There is a conspicuous absence of any Patriarch keeping the Sabbath until Moses receives it as a commandment from God. This is irrefutable from the KJV Bible and even other Bibles. So, to tell us that God instituted Sabbath Keeping from the book of Genesis is absolutely false! He instituted nothing of the kind. The Bible tells us that He rested. That was His business! And when He got ready to reveal it, He revealed it to the nation of Israel and it was a sign between Him and the nation of Israel. Not between anyone else. A sign of a covenant. A covenant that he made with the nation of Israel. He never made that covenant with the nations of Gentiles. And the Gentiles have not entered into that covenant.

The covenant that the Gentiles have entered into is the covenant that God made with Abraham to bless the world through his seed. Abraham was a Gentile not a Jew, not an Israelite and he did not keep the Sabbath. When God made a covenant with the nation of Israel, He made it with the Jews, with the Israelites, not with Abraham and the Bible never speaks of us, the Church, as being the seed of Jacob (Israel) or the seed of Isaac. It speaks of us being the seed of Abraham by faith and that has nothing to do with the nation of Israel. We are the seed of a Gentile that did not keep the Sabbath, not the seed of an Israelite or a Jew who was commanded to keep the Sabbath.


 2011/4/11 12:55

Joined: 2008/1/3
Posts: 189


These verses and their context should be practically helpful for the participation in this thread as well as in response to the topic.

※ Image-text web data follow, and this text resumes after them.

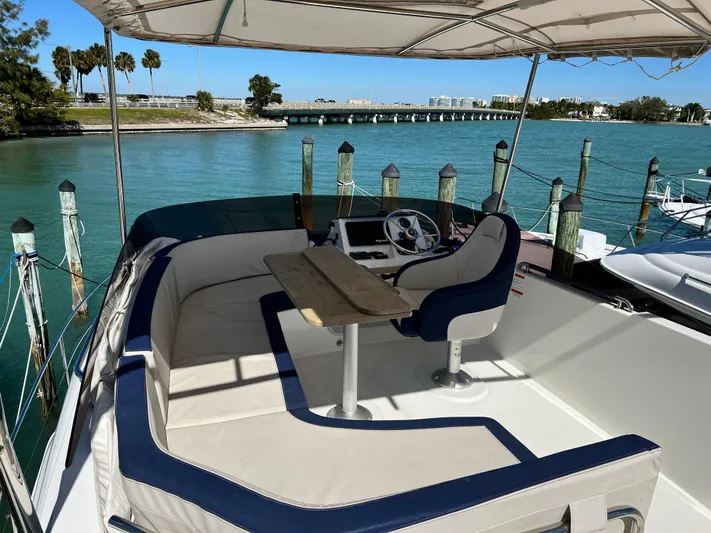  Yacht Photos Pics Flybridge of 2021 Beneteau Swift Trawler 35 with seating and helm station.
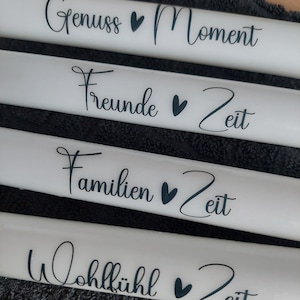 Könnte beinhalten: Vier weiße zylindrische Objekte mit schwarzem Text und Herzsymbolen. Der Text lautet "Genuss Moment", "Freunde Zeit", "Familien Zeit" und "Wohlfühl Zeit".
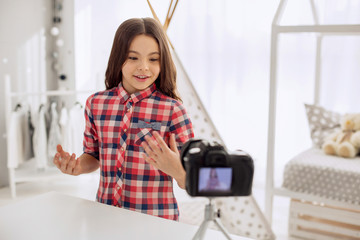 Pleasant interaction. Cheerful pre-teen girl recording a video blog and answering the questions of her audience in it while gesticulating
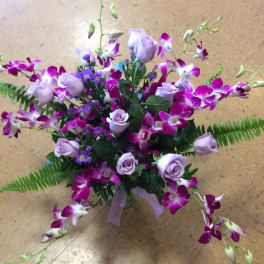 Bouquet of purple orchids and lavender roses in a glass vase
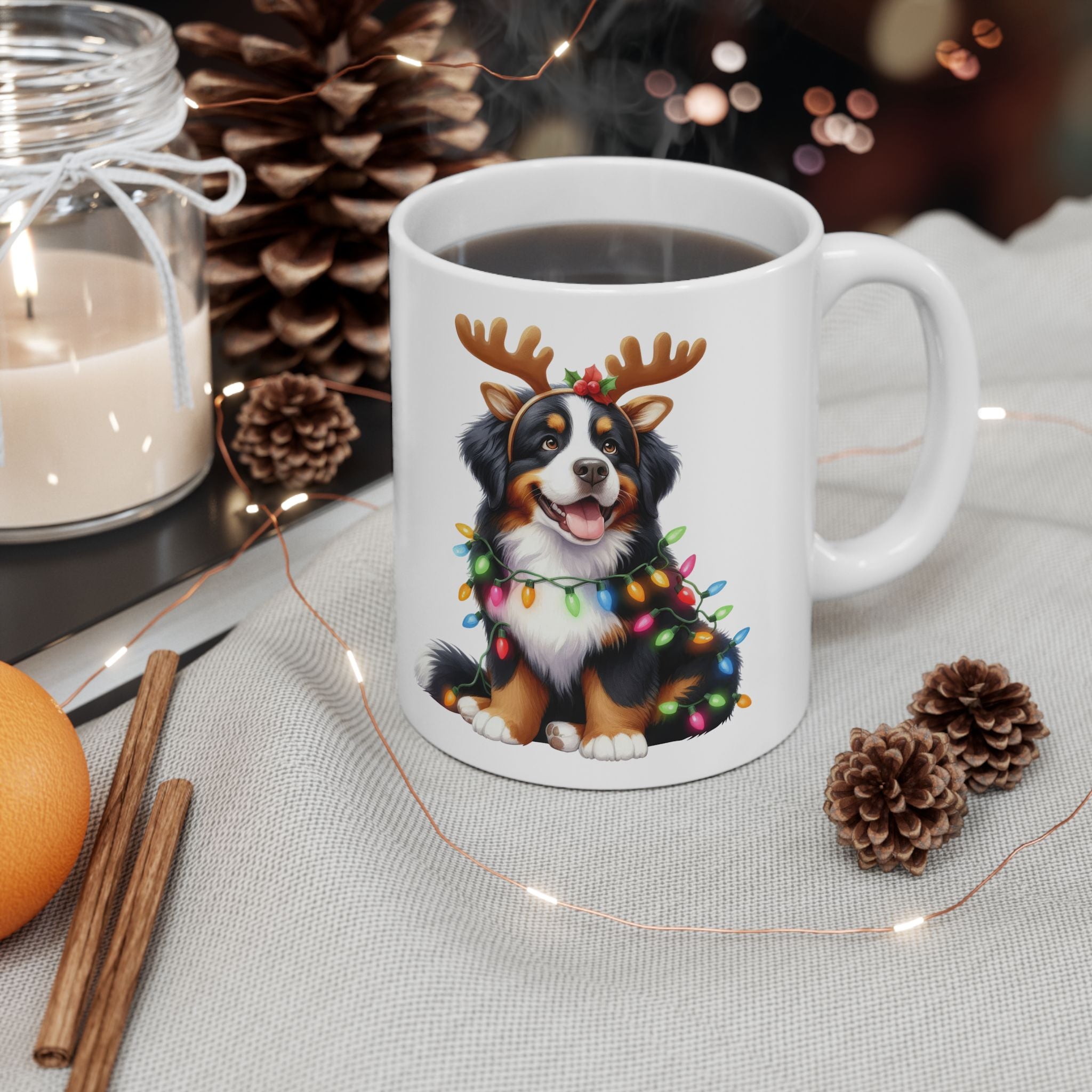 White ceramic mug with a Bernese Mountain Dog wearing reindeer antlers and Christmas lights.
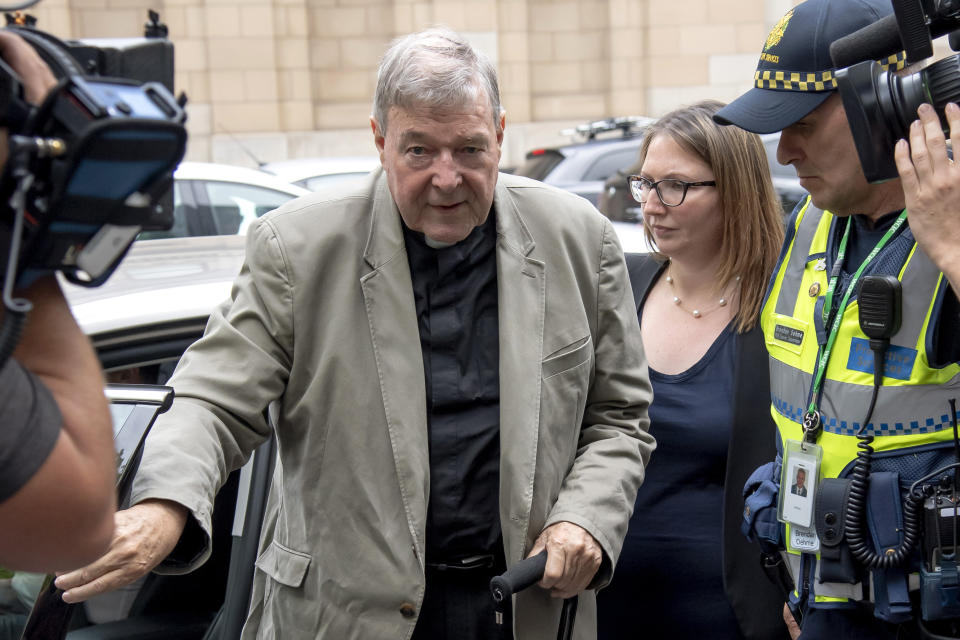 In this Feb. 26, 2019, photo, Cardinal George Pell leaves the County Court in Melbourne, Australia. Australia's highest court will deliver its ruling on April 7, 2020 on whether to overturn the convictions of Pell, the most senior Catholic convicted of child sex abuse. The 78-year-old Pell is one year into a six-year sentence for molesting two 13-year-old choirboys in Melbourne’s St. Patrick’s Cathedral while he was the city’s archbishop in the late 1990s. (AP Photo/Andy Brownbill)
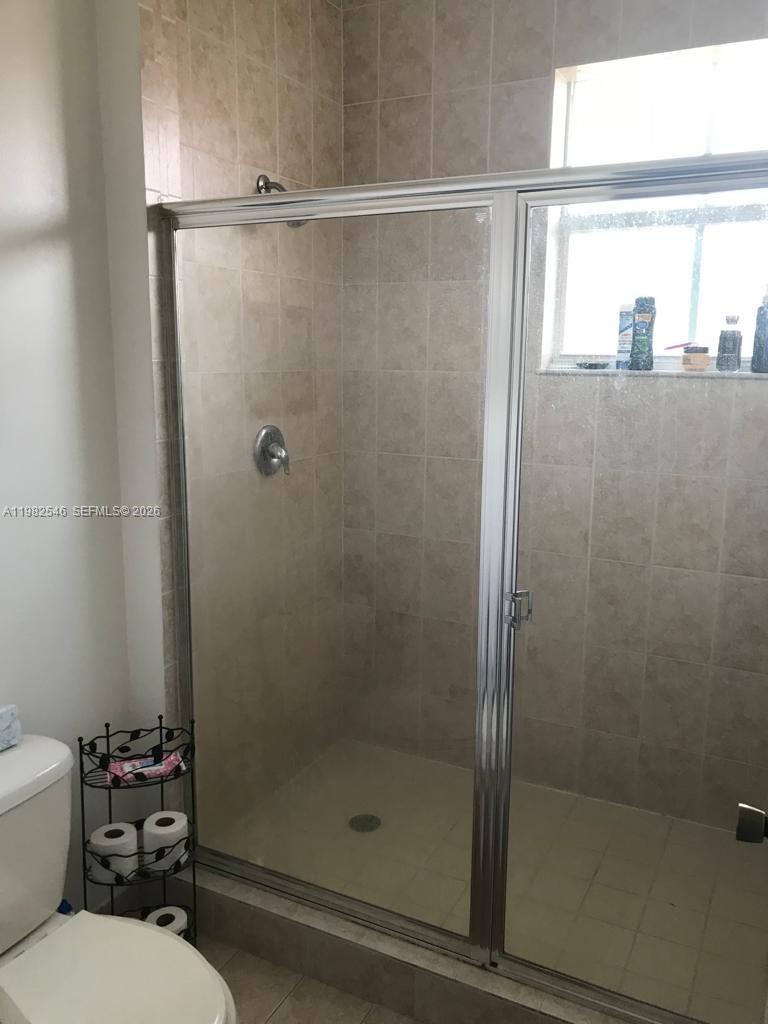2142 Siena Way Hollywood, FL 33021 - Photo 9 of 13 a bathroom with a shower a toilet and a sink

Colossians 2:16-17 (King James Version)

16Let no man therefore judge you in meat, or in drink, or in respect of an holyday, or of the new moon, or of the sabbath days:

17Which are a shadow of things to come; but the body is of Christ.

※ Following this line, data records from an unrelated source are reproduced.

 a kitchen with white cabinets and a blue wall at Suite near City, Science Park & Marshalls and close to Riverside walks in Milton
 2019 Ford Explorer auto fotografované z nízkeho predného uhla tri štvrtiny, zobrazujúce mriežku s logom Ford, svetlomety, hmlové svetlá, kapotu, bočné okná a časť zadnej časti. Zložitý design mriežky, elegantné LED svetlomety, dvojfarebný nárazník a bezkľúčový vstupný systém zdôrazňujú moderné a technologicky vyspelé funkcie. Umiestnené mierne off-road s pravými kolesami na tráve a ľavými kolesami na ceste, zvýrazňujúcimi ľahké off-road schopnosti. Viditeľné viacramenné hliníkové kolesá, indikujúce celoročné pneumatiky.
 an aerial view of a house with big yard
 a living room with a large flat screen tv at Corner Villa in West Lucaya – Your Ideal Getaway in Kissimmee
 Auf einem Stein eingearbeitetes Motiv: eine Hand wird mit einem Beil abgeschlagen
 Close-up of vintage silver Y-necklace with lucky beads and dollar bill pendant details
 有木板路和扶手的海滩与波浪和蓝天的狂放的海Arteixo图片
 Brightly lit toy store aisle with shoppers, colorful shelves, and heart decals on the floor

Colossians 2:16-17 (English Standard Version)

16Therefore let no one pass judgment on you in questions of food and drink, or with regard to a festival or a new moon or a Sabbath. 17 These are a shadow of the things to come, but the substance belongs to Christ.

Romans 14:5 (King James Version)

5One man esteemeth one day above another: another esteemeth every day alike. Let every man be fully persuaded in his own mind.

Romans 14:5 (English Standard Version)

5 One person esteems one day as better than another, while another esteems all days alike. Each one should be fully convinced in his own mind.


 2011/4/11 14:07Profile

 Re: is the bible the athoritve word of god?or not!

Hi a777,

I've never seen this approach to explaining the Sabbath's relevance to Israel only. It makes a lot of sense following on savannah's article, which goes to some length explaining the rest which was enjoyed in Eden, to which through Christ's victory, we can return, through the Holy Spirit.

I was musing separately from this thread, that there is no point in being a Christian if one is not interested in victory over sin. Christ's determination to conquer sin and death on the cross was the whole reason He wanted to die for us. To be like Him, we also must deeply desire that victory.

From savannah's post by Reisinger,

Neither God nor Adam ever cried out for rest because they were worn out in fatigue.

But a few years after Adam died, Lamech, the sixth generation male (seventh if Eve is included as the second person), named his son Noah (Rest), saying, 'This [same] shall comfort us concerning our work and toil of our hands, because of the ground which the LORD hath cursed.' (Gen 5:29).